Comprar en el pueblo no es un acto nostálgico, es sentido común. El comercio local no solo vende productos; vende identidad, cercanía y vida. Es una inversión en el lugar donde vives. Es donde uno se encuentra con el vecino, donde el tendero te pregunta por la familia; es darle oxígeno al panadero que madruga cada día para que tengas el pan caliente, al librero que recomienda lecturas como si fueran recetas, al carnicero que conoce tu nombre y sabe cómo te gusta el corte de la carne, o al pescadero que te guarda ese pescado que compras todos los viernes.

Ojo, que no se trata de ir contra la tecnología ni de declarar la guerra a los centros comerciales, que evidentemente no se le pueden poner puertas a ese tipo de evolución; se trata de recordar que un pueblo sin tiendas es un pueblo sin vida, sin ese trajín de bolsas y saludos que convierte las mañanas en un ritual de encuentros, sin ese tejido de pequeñas economías que hace que el dinero se quede en casa y no se evapore en camiones de reparto rumbo a no se sabe dónde.

Y hablando ya expresamente de Pola, como si la cosa no estuviera ya complicada, entra en escena el carril bici.
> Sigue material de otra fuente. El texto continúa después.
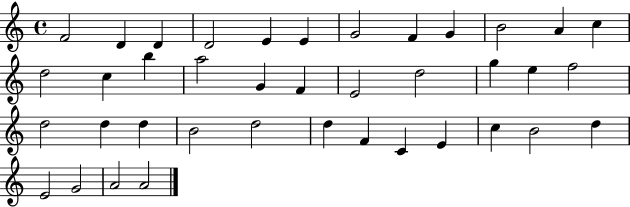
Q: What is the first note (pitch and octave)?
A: F4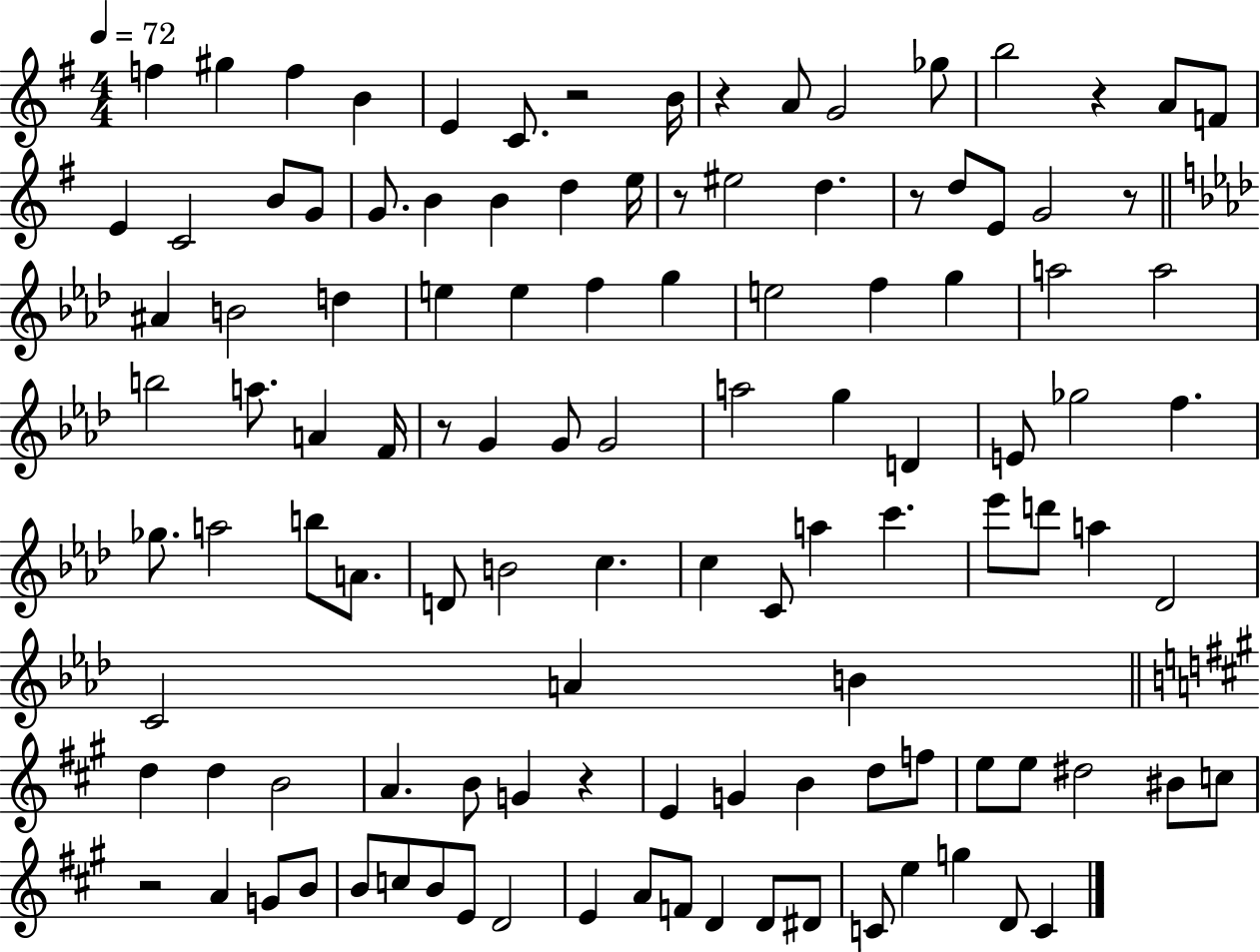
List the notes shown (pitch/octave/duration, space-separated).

F5/q G#5/q F5/q B4/q E4/q C4/e. R/h B4/s R/q A4/e G4/h Gb5/e B5/h R/q A4/e F4/e E4/q C4/h B4/e G4/e G4/e. B4/q B4/q D5/q E5/s R/e EIS5/h D5/q. R/e D5/e E4/e G4/h R/e A#4/q B4/h D5/q E5/q E5/q F5/q G5/q E5/h F5/q G5/q A5/h A5/h B5/h A5/e. A4/q F4/s R/e G4/q G4/e G4/h A5/h G5/q D4/q E4/e Gb5/h F5/q. Gb5/e. A5/h B5/e A4/e. D4/e B4/h C5/q. C5/q C4/e A5/q C6/q. Eb6/e D6/e A5/q Db4/h C4/h A4/q B4/q D5/q D5/q B4/h A4/q. B4/e G4/q R/q E4/q G4/q B4/q D5/e F5/e E5/e E5/e D#5/h BIS4/e C5/e R/h A4/q G4/e B4/e B4/e C5/e B4/e E4/e D4/h E4/q A4/e F4/e D4/q D4/e D#4/e C4/e E5/q G5/q D4/e C4/q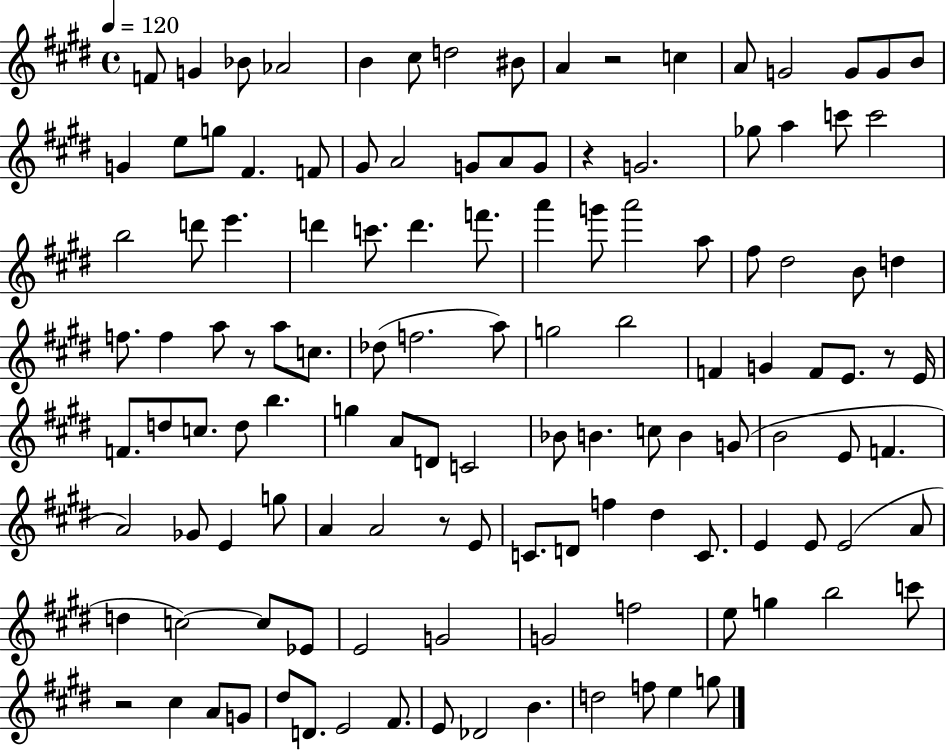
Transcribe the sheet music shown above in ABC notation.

X:1
T:Untitled
M:4/4
L:1/4
K:E
F/2 G _B/2 _A2 B ^c/2 d2 ^B/2 A z2 c A/2 G2 G/2 G/2 B/2 G e/2 g/2 ^F F/2 ^G/2 A2 G/2 A/2 G/2 z G2 _g/2 a c'/2 c'2 b2 d'/2 e' d' c'/2 d' f'/2 a' g'/2 a'2 a/2 ^f/2 ^d2 B/2 d f/2 f a/2 z/2 a/2 c/2 _d/2 f2 a/2 g2 b2 F G F/2 E/2 z/2 E/4 F/2 d/2 c/2 d/2 b g A/2 D/2 C2 _B/2 B c/2 B G/2 B2 E/2 F A2 _G/2 E g/2 A A2 z/2 E/2 C/2 D/2 f ^d C/2 E E/2 E2 A/2 d c2 c/2 _E/2 E2 G2 G2 f2 e/2 g b2 c'/2 z2 ^c A/2 G/2 ^d/2 D/2 E2 ^F/2 E/2 _D2 B d2 f/2 e g/2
Ese noble concepto, con raíces en alguna asamblea de Bruselas o parecido, que consiste en cortar buena parte de la calzada para los ciclistas eliminando de un plumazo esos lugares antes destinados a aparcamientos, y que ha conseguido de un solo golpe hacer ya casi imposible lo que ya era un pequeño milagro: aparcar el coche cerca del centro urbano. Por cierto, eso de los aparcamientos disuasorios, ese invento que sólo parece entusiasmar a los urbanistas y que han sido colocados a un kilómetro del centro, claro que lo son, porque disuadir disuaden, sobre todo de venir a quien quiera acercarse a hacer alguna compra y tenga que cargar una bolsa de la compra o dos, o simplemente a dar una vuelta por el pueblo a charlar un poco con algún amigo o a tomar algo. Claro que disuaden.

Ese vecino que vive cerca pero tiene que acercarse en coche, si no encuentra un aparcamiento razonablemente disponible, se acaba marchando a la gran superficie, donde aparcan sin complicaciones y donde, después de comprar productos en masa a empresas lejanas, regresan a sus casas sin haber puesto un pie en nuestros comercios.

De todas formas, antes de hacer clic o coger el coche para perderte en un hipermercado, piensa en lo que tienes a la vuelta de la esquina. Mira al tendero de siempre y recuérdale que sigues confiando en él. Porque apoyar el comercio local no es solo un gesto económico, es un acto de resistencia. Una forma de decirle al pueblo que sigue vivo y que lo seguirá estando mientras no dejemos que se apague, porque un pueblo sin tiendas, sin mercados ni espacios que den pie a las relaciones, no es más que un lugar fantasma, un armazón vacío de lo que una vez fue un hogar de vida social.